Sanders’ criticism was broader, though. Why was the internal decision-making process so intransparent? What’s with the rule that all verbatim records of the IMF’s Executive Board meetings shall be destroyed after a summary is made of the meeting? And didn’t recent IMF measures come down to “large multinational banks that have made billions of dollars investing in Asia [being] essentially bailed out by the middle class of this country”? Haven’t studies shown that developing countries that have had to deal with the IMF only ended up deeper in debt and further in its control?

Are the rich countries, he asked, using the IMF rescue packages to their own advantages? What does it mean in terms of democracy when an outside force, dominated by the US, gets to determine many of the most important policy decisions of small countries? Weren’t the IMF’s criteria of success grotesquely slanted in favour of the interests of banks and creditor countries, at the cost of heftily increased suffering in the countries subjected to IMF policies?

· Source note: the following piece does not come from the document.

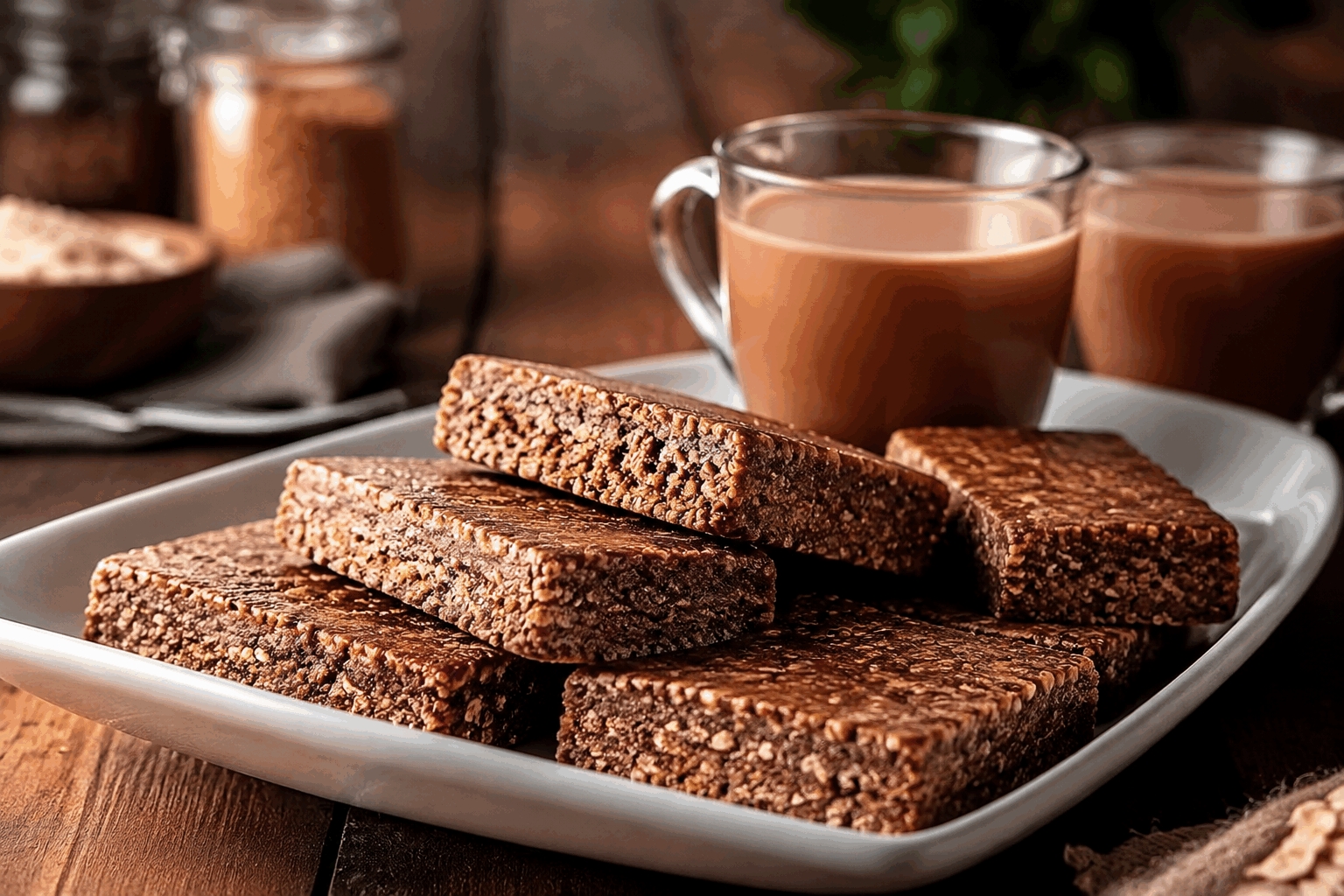 Barres protéinées maison sans sucre ni four, prêtes en 5 minutes pour booster ton énergie 🔥 Description Ces barres protéinées maison sont idéales pour un regain d’énergie rapide et sain. Sans sucre ajouté et sans cuisson, elles combinent une texture moelleuse et gourmande avec des ingrédients naturels. Parfaites pour une collation avant ou après l’effort, ou simplement pour tenir toute la journée ! Informations Temps de préparation : 5 minutes Temps de cuisson : 0 minute Nombre de portions : 8 barres Difficulté : Facile Ingrédients Pour les barres 150 g de flocons d’avoine 100 g de poudre de protéines (whey, pois, ou soja) 50 g d’amandes concassées 50 g de graines de chia 3 cuillères à soupe de beurre d’amande ou de cacahuète naturel 120 ml de lait d’amande (ou autre lait végétal) 2 cuillères à soupe de sirop d’agave ou d’érable (facultatif, pour un léger goût sucré naturel) 1 cuillère à café d’extrait de vanille Une pincée de sel Préparation Mélange dans un grand bol les flocons d’avoine, la poudre de protéines, les amandes concassées, les graines de chia et le sel. Dans un autre récipient, combine le beurre d’amande, le lait d’amande, le sirop d’agave et l’extrait de vanille. Fais chauffer légèrement (au micro-ondes 20 secondes) pour que le beurre soit plus facile à incorporer. Verse le mélange liquide sur les ingrédients secs. Mélange bien avec une spatule jusqu’à obtenir une pâte homogène et légèrement collante. Si la pâte semble trop sèche, ajoute un peu de lait végétal, cuillère par cuillère. Recouvre un moule rectangulaire de papier sulfurisé. Étale la préparation en tassant bien avec le dos d’une cuillère ou la paume de la main, pour avoir une épaisseur uniforme d’environ 2 cm. Laisse reposer au réfrigérateur pendant au moins 30 minutes pour que les barres durcissent un peu, puis découpe en 8 barres régulières. Astuces Pour varier les saveurs, ajoute des morceaux de fruits secs (abricots, cranberries) ou des pépites de chocolat noir sans sucre. Si tu n’as pas de beurre d’amande, remplace-le par du beurre de cacahuète naturel ou même de la purée de noisette. Pour un apport supplémentaire en fibres, tu peux incorporer une cuillère à soupe de psyllium blond à la pâte. Conserve les barres dans une boîte hermétique au réfrigérateur jusqu’à une semaine pour garder leur fraîcheur. Service Ces barres protéinées se dégustent à tout moment de la journée, idéales en collation saine après une séance de sport ou lors d’un petit creux. Présente-les dans une boîte hermétique ou un papier alimentaire pour les emporter facilement, que ce soit au bureau, en randonnée ou à la maison.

The IMF policy in general that goes [..], we will give you money if you do the following—A, B, and C, often cut back on basic services, open up your economy to foreign investment, and so forth—has it worked, when we know that [..] poverty has increased, health care has deteriorated, unemployment has gone up, wages have gone down in countries that have been subjected to IMF forced austerity programs? [..]

Again, this was all 11 years ago – and the role of the IMF is hardly a major issue in Geithner’s current appointment. But the debate they had back then may illustrate why there’s no love lost between Sanders and a man like Geithner – and just how large some of the ideological gaps are within the Democratic caucus. A big tent indeed!